Of the 31 teams composed of one to four people, those at the top of the podium came from Mohammed VI Polytechnic University, INP-HB in Yamoussoukro, and the Institut national des sciences appliquées Centre Val de Loire, respectively. Using analyses of variance, i.e. the distribution of the data, and correlation matrices, the students analysed in detail the data sets provided. They then determined how the algorithm should balance the data and choose the most relevant ones. The final step before submitting the model was the choice of algorithm, as well as the use of software to optimise the machine learning.

This international competition allowed data science students from different backgrounds to come together and test the results of their ideas every day. This challenge, carried out with real data, directly confronted its participants with concrete situations that they will face at the end of their studies, and rewarded the teams that were able to intelligently complete the data.
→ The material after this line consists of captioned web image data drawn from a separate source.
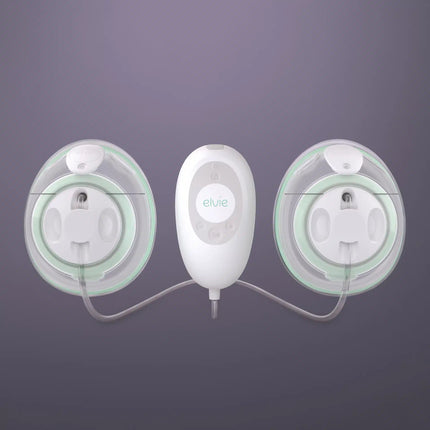 Elvie Borstkolf Electrisch Dubbel - Elvie - Babywinkel - 5060442521391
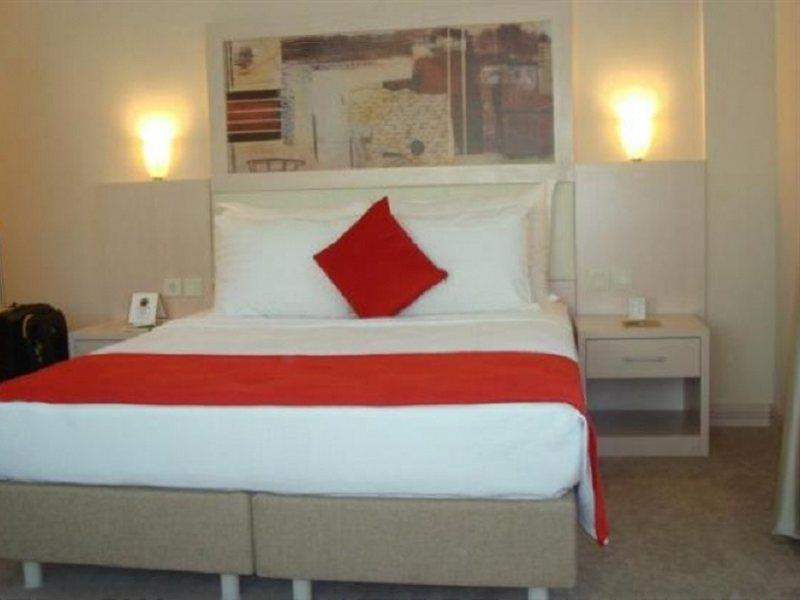 Kordon Hotel Pasaport Izmir Eksteriør billede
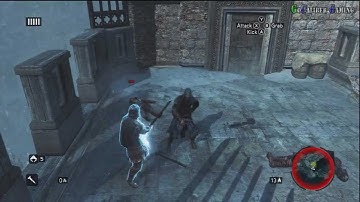 Assassins Creed: Revelations Walkthrough - Part 1 - A Journal of Some Kind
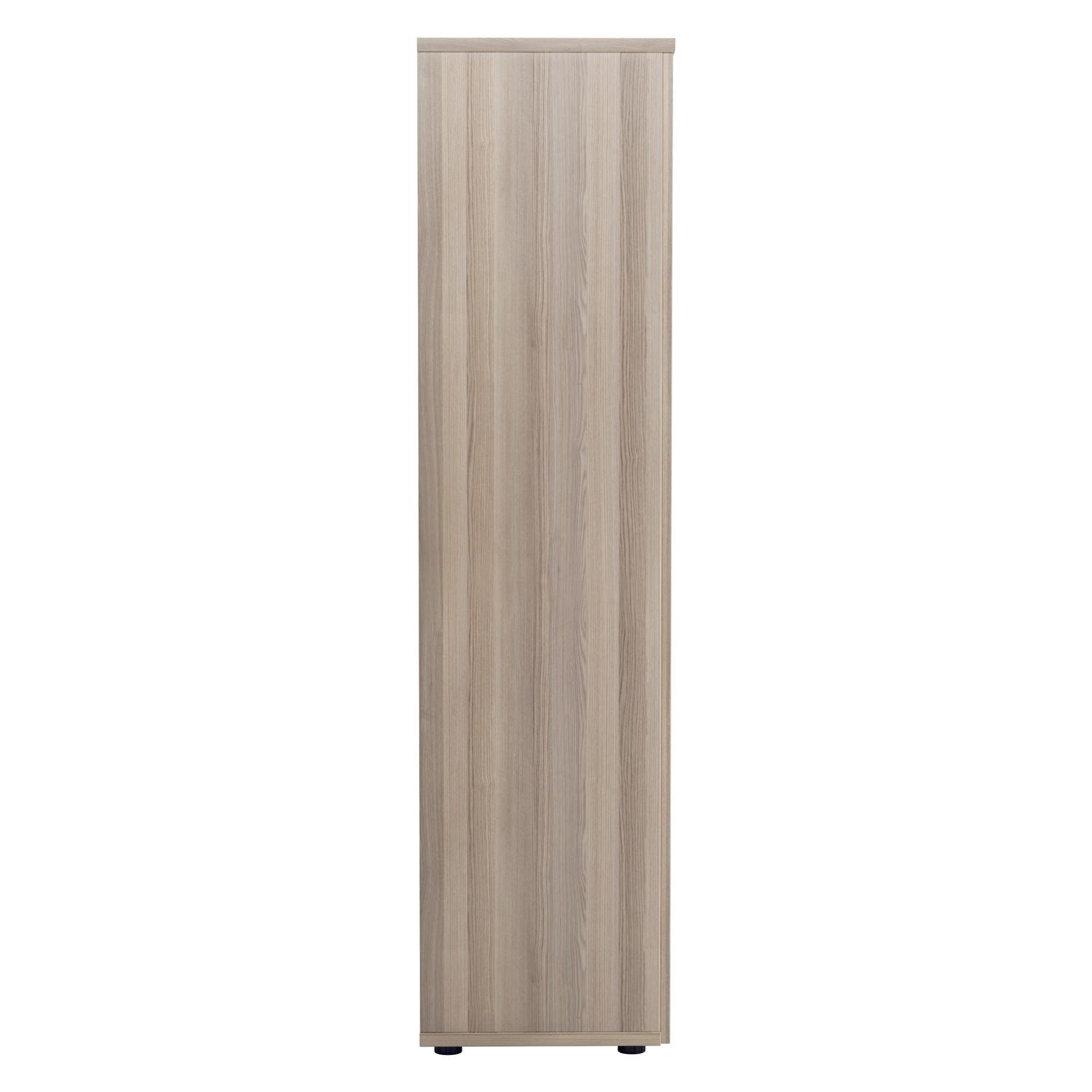 Wooden Cupboard  1800 Grey Oak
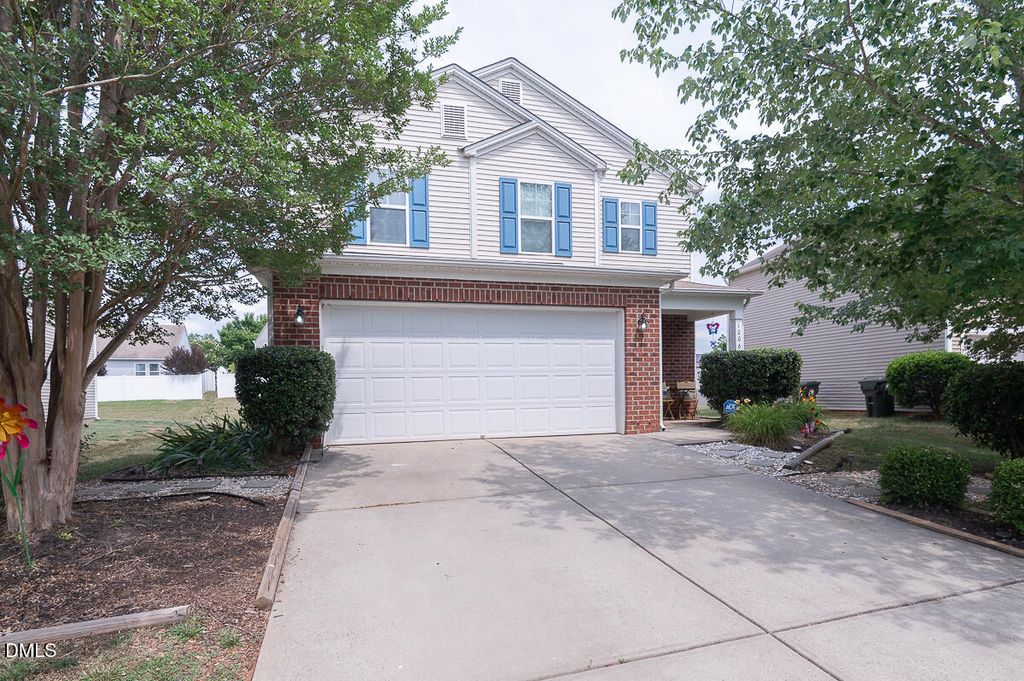 1006 Collington Drive, Mebane, NC 27302
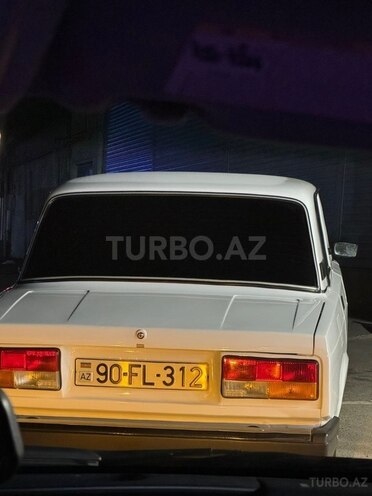 LADA (VAZ) 2107-6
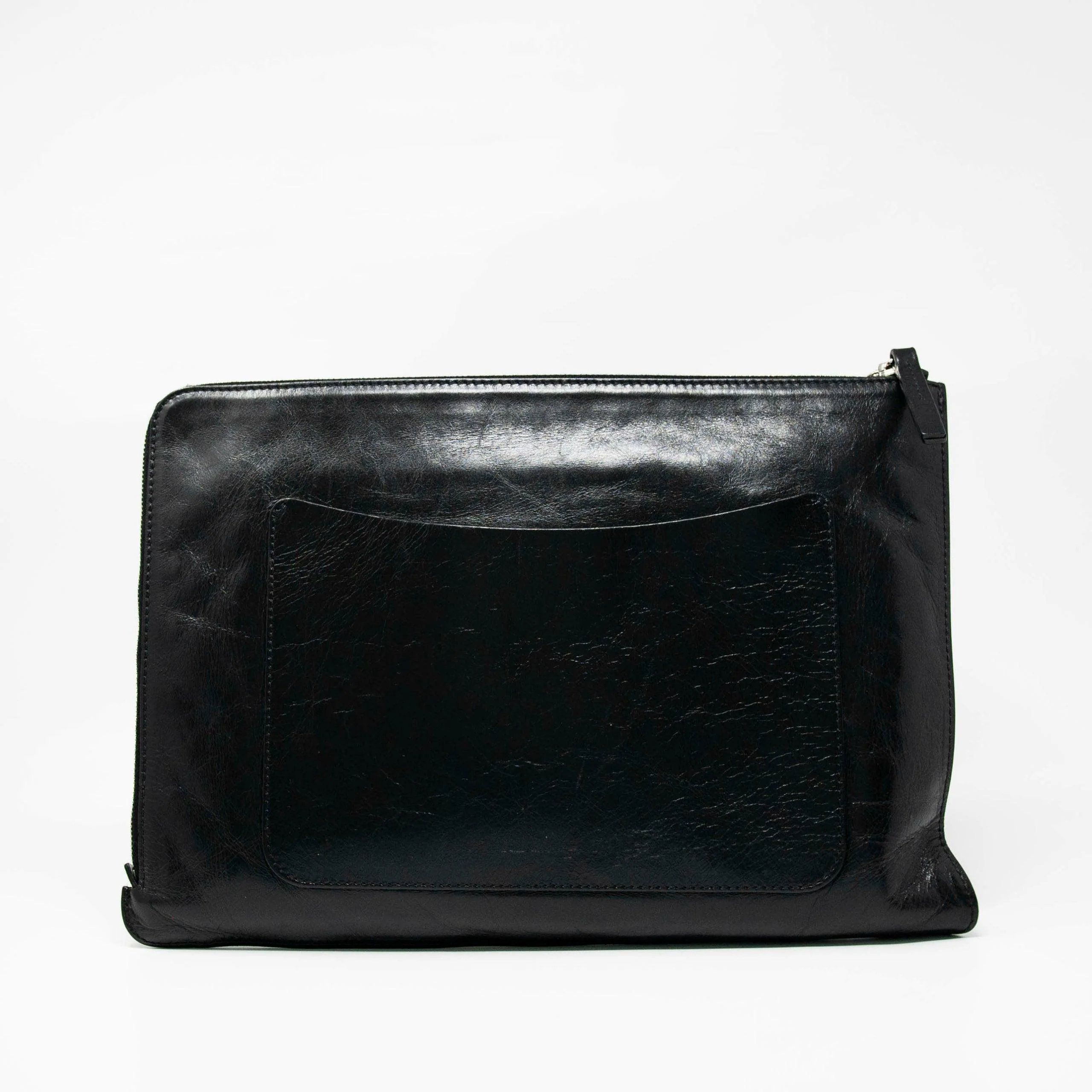 Chanel Black Feministe Mais Feminine Clutch - Image 3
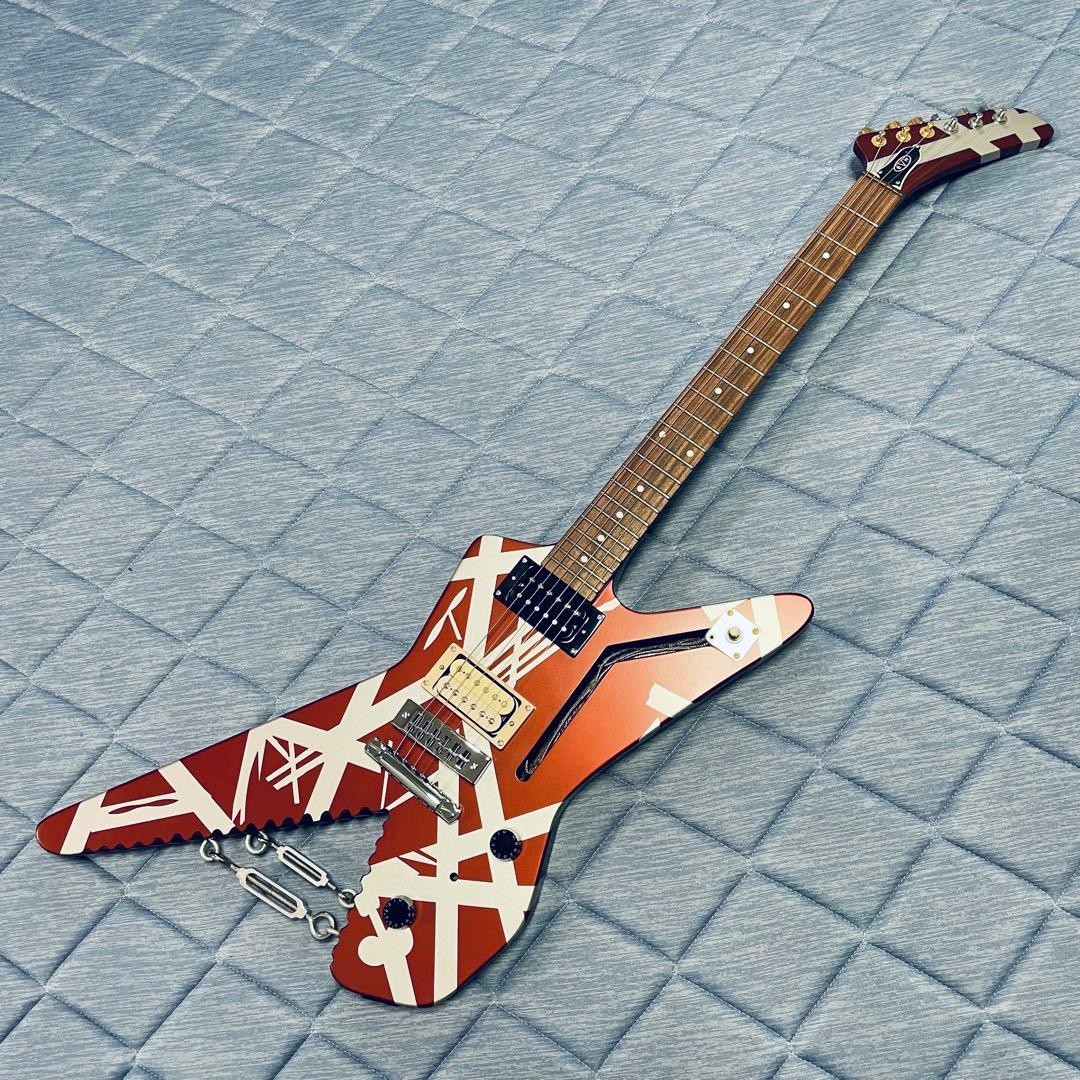 ギター EVH SHARK 2019 VAN HALEN EVH SHARK 2019 VAN HALEN | eBay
*CMAP: a joint research unit of CNRS, École Polytechnique – Institut Polytechnique de Paris

About the sponsorship programmes:

Data Science and Industrial Processes:
Led by Éric Moulines, the International Chair “Data Science and Industrial Processes” contributes to training a new generation of engineers at Mohammed VI Polytechnic University to exploit Data Science and develop innovative industrial processes. Through the teaching activities of the Chair since its inception in 2018 and with the support of OCP, the partners together prepare students to become industry innovators and develop tomorrow’s industrial processes through Data Science.

Data Science Institute:
Supported since 2017 by the Orange Group, and by Société Générale Côte d’Ivoire since 2021, the “Data Science Institute” sponsorship, carried by Eric Moulines, Lambert Tanoh and Jean-Arnaud Kouakou, aims to accelerate the rise in “data management” skills in Côte d’Ivoire and West Africa. Hosted within existing Ivorian institutions, the Institut national polytechnique Félix Houphouët-Boigny (INP-HB) in Yamoussoukro and the École nationale supérieure de statistique et d’économie appliquée (ENSEA) Abidjan Côte d’Ivoire, it plans to set up an international-level course of excellence in data sciences, initially for students and then for company executives.